Agravamento da crise energética pode pesar fortemente sobre economia alemã

O Bundesbank, banco central alemão, adverte no seu relatório de estabilidade financeira de 2022 que o agravamento da crise energética, caso ocorra um racionamento de gás, poderá pesar fortemente sobre a economia alemã.

O Bundesbank, banco central alemão, adverte no seu relatório de estabilidade financeira de 2022 que o agravamento da crise energética, caso ocorra um racionamento de gás, poderá pesar fortemente sobre a economia alemã.

A vice-presidente do Bundesbank, Claudia Buch, disse também hoje, ao apresentar o relatório, que "um agravamento da crise energética, uma forte recessão económica e uma subida acentuada das taxas de juro do mercado poderiam exercer uma pressão considerável sobre o sistema financeiro alemão".

Buch recordou que a subida dos preços da energia aumentou as exigências colaterais das empresas de energia nos mercados de derivados.

Os requisitos máximos diários iniciais agregados de garantias para as empresas energéticas eram de algumas centenas de milhões de euros há alguns anos, mas atingiram 10.000 milhões de euros no quarto trimestre de 2021 e mais de 17.000 milhões de euros no primeiro trimestre de 2022, de acordo com números do relatório do Bundesbank.

Como resultado, muitas empresas de energia foram obrigadas a ter muita liquidez para cobrir estes novos requisitos de garantia.

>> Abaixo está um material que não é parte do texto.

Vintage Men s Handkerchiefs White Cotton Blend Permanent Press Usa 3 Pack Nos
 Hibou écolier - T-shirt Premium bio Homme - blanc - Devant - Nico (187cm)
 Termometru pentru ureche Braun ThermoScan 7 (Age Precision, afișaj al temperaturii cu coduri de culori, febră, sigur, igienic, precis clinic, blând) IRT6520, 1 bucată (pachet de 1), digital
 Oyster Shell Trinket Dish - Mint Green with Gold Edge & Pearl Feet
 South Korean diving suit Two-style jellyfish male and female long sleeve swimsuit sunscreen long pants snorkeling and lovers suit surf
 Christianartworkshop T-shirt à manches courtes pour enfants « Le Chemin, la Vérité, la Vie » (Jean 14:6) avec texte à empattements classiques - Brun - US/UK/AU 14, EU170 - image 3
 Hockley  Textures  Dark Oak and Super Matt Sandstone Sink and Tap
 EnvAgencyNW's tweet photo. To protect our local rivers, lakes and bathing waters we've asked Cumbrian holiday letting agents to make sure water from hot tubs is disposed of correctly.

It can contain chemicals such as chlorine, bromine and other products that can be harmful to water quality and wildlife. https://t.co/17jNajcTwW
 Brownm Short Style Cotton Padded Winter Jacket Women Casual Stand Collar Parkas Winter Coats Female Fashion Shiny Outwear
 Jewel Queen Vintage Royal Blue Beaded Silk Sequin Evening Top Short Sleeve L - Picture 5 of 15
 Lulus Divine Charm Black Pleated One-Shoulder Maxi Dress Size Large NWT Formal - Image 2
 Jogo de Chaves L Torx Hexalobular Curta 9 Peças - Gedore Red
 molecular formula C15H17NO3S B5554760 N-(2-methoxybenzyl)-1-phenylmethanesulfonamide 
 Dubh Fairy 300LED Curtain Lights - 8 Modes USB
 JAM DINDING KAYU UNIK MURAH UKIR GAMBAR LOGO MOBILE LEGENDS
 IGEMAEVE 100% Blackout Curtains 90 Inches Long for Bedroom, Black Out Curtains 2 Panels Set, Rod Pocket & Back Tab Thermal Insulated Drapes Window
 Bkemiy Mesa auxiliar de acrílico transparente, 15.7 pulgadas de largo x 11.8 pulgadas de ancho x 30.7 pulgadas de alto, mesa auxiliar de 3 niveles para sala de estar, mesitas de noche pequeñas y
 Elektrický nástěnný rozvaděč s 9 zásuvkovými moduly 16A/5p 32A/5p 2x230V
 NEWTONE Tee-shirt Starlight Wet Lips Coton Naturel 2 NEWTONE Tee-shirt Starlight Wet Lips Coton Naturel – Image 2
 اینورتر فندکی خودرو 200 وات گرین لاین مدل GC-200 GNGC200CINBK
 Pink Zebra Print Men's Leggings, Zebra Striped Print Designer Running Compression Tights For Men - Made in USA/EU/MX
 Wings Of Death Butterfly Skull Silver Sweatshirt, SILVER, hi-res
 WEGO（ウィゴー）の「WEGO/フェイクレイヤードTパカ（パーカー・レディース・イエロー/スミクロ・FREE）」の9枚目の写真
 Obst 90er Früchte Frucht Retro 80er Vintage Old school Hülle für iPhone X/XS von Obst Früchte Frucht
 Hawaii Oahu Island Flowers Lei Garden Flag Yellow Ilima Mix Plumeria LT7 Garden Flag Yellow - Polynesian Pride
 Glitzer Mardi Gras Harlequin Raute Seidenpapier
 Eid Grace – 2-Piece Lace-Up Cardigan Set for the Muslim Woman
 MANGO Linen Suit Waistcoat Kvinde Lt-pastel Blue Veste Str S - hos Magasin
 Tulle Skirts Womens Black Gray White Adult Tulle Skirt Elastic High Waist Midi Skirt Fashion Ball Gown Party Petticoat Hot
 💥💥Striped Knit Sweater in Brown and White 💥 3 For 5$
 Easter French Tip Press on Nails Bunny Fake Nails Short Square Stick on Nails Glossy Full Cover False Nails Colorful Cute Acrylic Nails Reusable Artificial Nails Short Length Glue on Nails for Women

Se as empresas de energia não tiverem liquidez suficiente para cobrir estes requisitos de garantia, devem reduzir as atividades no mercado de derivados, e esta redução no fornecimento pode aumentar ainda mais os preços da energia nos mercados de derivados, adverte o Bundesbank.

Para financiar as necessidades temporárias de liquidez das empresas energéticas alemãs e assegurar o fornecimento de energia, o Governo alemão criou um programa de crédito de 100.000 milhões de euros através do Kreditanstalt für Wiederaufbau und Wirtschaftsbank (KfW) estatal e garantido pelo Governo.

"As medidas do Governo conseguiram aliviar a falta de liquidez das empresas do setor da energia. Globalmente, a oferta de crédito à economia tem funcionado bem até agora", de acordo com o Bundesbank.

Em geral, as empresas de energia que comercializam derivados estão a lidar com as consequências do aumento dos custos energéticos com empréstimos bancários, que aumentaram desde a invasão da Ucrânia pela Rússia.

As empresas energéticas e os produtores de eletricidade da zona euro aumentaram as suas linhas de crédito em 200%, de acordo com os números do relatório de estabilidade financeira do Banco Central Europeu (BCE), publicado há uma semana.

Especificamente, de acordo com dados do BCE, os bancos aumentaram as suas linhas de crédito aos geradores de energia de 3.000 milhões de euros para mais de 6.000 milhões de euros entre março e abril de 2022.

A maior parte do aumento destas linhas de crédito para cobrir perdas e necessidades de liquidez provém da Alemanha.

"Para assegurar que as tensões não se amplifiquem através do sistema financeiro, as instituições financeiras devem ser suficientemente resistentes", disse a vice-presidente do Bundesbank ao apresentar o relatório.

Um agravamento da crise energética poderia desencadear perdas nos bancos e o contágio à economia real.

A companhia de gás alemã Uniper, que vai ser nacionalizada, necessita de um novo aumento de capital de até 25.000 milhões de euros através da emissão de novas ações, porque os 8.000 milhões de euros previstos no plano de resgate serão insuficientes para a estabilizar.

A empresa alemã acordou com o Governo alemão, no final de setembro, um plano de resgate, tendo em conta as perdas acumuladas de 40.000 milhões de euros nos primeiros nove meses do ano, devido ao facto de não receber gás russo e de ter de o comprar muito mais caro a outros fornecedores para cumprir os contratos com os clientes.